There has recently been an interesting three party back and forth between Heroku (a PaaS cloud vendor), Rap Genius (a customer of Heroku), and New Relic (an APM solution resold by Heroku to Heroku’s customer, Rap Genius). All three parties have been very forthcoming as to their points of view on this matter in public blog posts, so we have a relatively extraordinary opportunity to “see inside” of a real world problem and how two vendors dealt with the problem.
The Sequence of Events
- Rap Genius “noticed” that their web site seemed slower than what they wanted it to be and slower than was being reported by New Relic application response time numbers.
- Rap Genius reported the problem to Heroku. Heroku seemed unable to resolve the problem to Rap Genius’ satisfaction.
- Heroku then reported the problem to New Relic.
- The two vendors worked together in order for Heroku to provide New Relic with more information about where time was spent. Specifically, an improvement was made by New Relic to more accurately depict the time spent in Request Queuing.
A good summary of this chain of events is in the post up on VentureBeat. The important thing is that New Relic made an enhancement to their product within one week of the problem being reported to them and rolled that enhancement into production. The difference in what New Relic showed as time spent in Request Queuing is shown in the two screen shots below.
New Relic Response Time Breakdown Before Request Queuing Change
New Relic Response Time Breakdown After Request Queuing Change
Now the differences are stark and obvious. The response time went from an average of 236MS to an average of 1330MS once the new Request Queuing data was included in the response time total. The vast majority of the new difference in response time is in fact attributable to Request Queuing, which means time spent in the Heroku infrastructure, not time spent in the application.
So Who is Really Responsible for PaaS Cloud Application Performance?

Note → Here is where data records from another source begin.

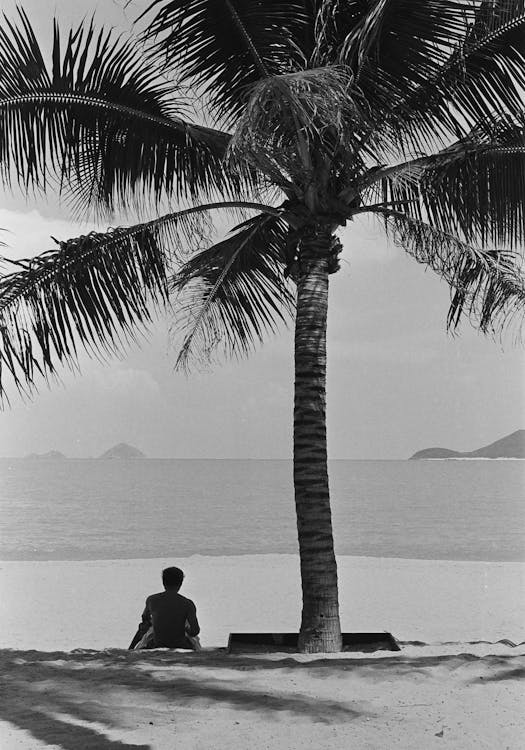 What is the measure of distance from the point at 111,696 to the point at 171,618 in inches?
75.8

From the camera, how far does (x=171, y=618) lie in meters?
6.54

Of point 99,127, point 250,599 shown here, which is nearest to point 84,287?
point 99,127

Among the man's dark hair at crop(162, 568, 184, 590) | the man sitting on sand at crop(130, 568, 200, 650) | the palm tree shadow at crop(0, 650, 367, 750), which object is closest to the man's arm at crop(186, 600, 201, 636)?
the man sitting on sand at crop(130, 568, 200, 650)

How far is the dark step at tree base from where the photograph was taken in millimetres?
6922

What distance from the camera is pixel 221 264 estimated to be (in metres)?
9.00

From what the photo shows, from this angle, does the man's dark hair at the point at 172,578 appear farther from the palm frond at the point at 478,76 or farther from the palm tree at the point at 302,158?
the palm frond at the point at 478,76

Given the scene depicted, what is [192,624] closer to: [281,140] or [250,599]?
[281,140]

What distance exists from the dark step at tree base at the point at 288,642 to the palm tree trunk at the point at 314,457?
0.28m

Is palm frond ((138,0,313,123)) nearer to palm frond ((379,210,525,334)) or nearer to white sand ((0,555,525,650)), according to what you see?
palm frond ((379,210,525,334))

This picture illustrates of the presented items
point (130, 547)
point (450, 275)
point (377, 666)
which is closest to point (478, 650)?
point (377, 666)

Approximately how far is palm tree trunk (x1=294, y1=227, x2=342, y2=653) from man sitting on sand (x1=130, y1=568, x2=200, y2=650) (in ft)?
2.93

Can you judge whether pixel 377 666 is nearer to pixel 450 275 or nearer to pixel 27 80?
pixel 450 275

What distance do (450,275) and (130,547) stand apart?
2745cm

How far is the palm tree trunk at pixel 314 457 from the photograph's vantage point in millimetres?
6781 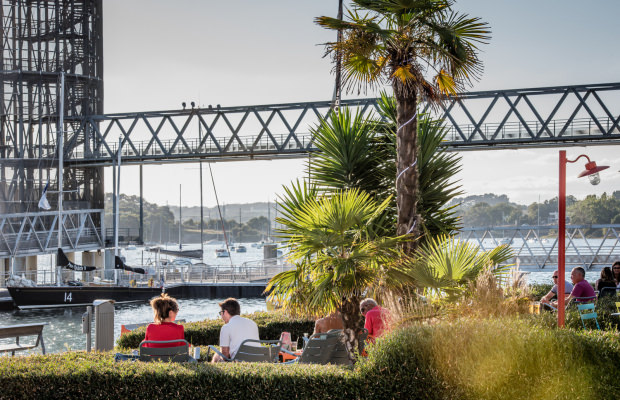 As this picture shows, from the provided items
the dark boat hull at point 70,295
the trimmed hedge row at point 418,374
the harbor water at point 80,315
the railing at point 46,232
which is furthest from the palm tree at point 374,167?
Answer: the railing at point 46,232

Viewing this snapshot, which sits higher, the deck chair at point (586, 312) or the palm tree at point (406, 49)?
the palm tree at point (406, 49)

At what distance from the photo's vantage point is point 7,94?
56.9 metres

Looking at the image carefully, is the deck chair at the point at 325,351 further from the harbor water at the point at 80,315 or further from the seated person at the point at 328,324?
the harbor water at the point at 80,315

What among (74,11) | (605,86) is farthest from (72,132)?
(605,86)

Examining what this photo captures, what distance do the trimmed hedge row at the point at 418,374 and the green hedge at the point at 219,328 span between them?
3.96m

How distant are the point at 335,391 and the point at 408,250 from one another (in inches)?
151

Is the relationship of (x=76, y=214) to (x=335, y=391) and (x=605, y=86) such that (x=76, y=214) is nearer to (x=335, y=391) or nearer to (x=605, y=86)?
(x=605, y=86)

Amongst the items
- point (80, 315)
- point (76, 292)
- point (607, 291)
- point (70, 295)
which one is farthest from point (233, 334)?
point (76, 292)

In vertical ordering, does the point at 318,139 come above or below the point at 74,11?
below

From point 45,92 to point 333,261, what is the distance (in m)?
54.8

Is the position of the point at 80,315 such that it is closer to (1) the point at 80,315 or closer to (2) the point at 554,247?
(1) the point at 80,315

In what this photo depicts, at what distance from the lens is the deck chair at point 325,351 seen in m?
8.40

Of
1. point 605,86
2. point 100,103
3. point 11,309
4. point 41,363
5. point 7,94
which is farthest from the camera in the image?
point 100,103

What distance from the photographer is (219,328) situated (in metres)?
11.9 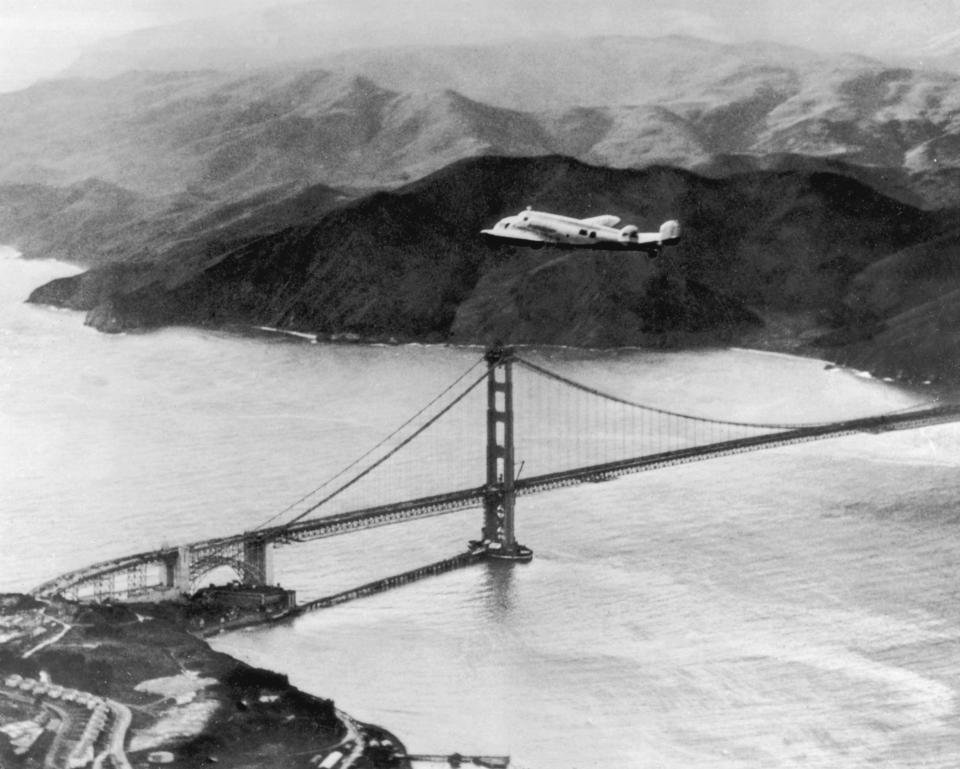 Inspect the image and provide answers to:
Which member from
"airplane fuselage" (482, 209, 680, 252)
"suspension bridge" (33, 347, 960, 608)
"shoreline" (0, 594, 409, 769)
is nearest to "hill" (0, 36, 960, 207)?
"airplane fuselage" (482, 209, 680, 252)

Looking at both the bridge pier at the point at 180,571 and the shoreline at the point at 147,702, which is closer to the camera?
the shoreline at the point at 147,702

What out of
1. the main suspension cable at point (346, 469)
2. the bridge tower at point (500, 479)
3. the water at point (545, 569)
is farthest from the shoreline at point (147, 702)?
the bridge tower at point (500, 479)

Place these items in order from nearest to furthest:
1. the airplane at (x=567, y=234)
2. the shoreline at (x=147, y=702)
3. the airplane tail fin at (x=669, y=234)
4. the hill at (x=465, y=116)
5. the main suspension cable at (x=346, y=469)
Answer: the shoreline at (x=147, y=702)
the airplane tail fin at (x=669, y=234)
the airplane at (x=567, y=234)
the main suspension cable at (x=346, y=469)
the hill at (x=465, y=116)

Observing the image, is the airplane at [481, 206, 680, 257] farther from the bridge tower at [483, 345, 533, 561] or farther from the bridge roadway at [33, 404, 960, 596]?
the bridge tower at [483, 345, 533, 561]

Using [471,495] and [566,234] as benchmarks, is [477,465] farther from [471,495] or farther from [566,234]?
[566,234]

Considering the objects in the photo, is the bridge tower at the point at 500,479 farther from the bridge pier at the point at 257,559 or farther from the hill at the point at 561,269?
the hill at the point at 561,269

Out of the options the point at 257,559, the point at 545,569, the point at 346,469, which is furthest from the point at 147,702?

If you read the VentureBeat post linked above, it is pretty clear that the customer blames Heroku. They blame Heroku for not being transparent about application performance, they blame Heroku for data missing from New Relic, and they even allege that Heroku was delivering less horsepower to Rap Genius’ applications than the customer was paying for. Let’s look at these allegations one at a time and sort this out:
- Rap Genius being misled about the performance of their application. It is always difficult to blame the customer, because “the customer is always right”, but some analysis of the facts is in order. New Relic tracks the response time of the application system from the perspective of the application server where the Ruby code and the New Relic agent are installed, and it also tracks response time from the perspective of the end user. Even if the application server numbers were off due to missing data from Heroku (as was the case in the first graph above), the New Relic end user response time numbers should have shown that end users were seeing a slower web site than would have been indicated by a response time of 236MS at the edge of the application server. So Rap Genius should have been able to see the problem in the tool that they bought from Heroku. They might not have been able to see where the problem was, but they had no excuse for being unaware of the problem.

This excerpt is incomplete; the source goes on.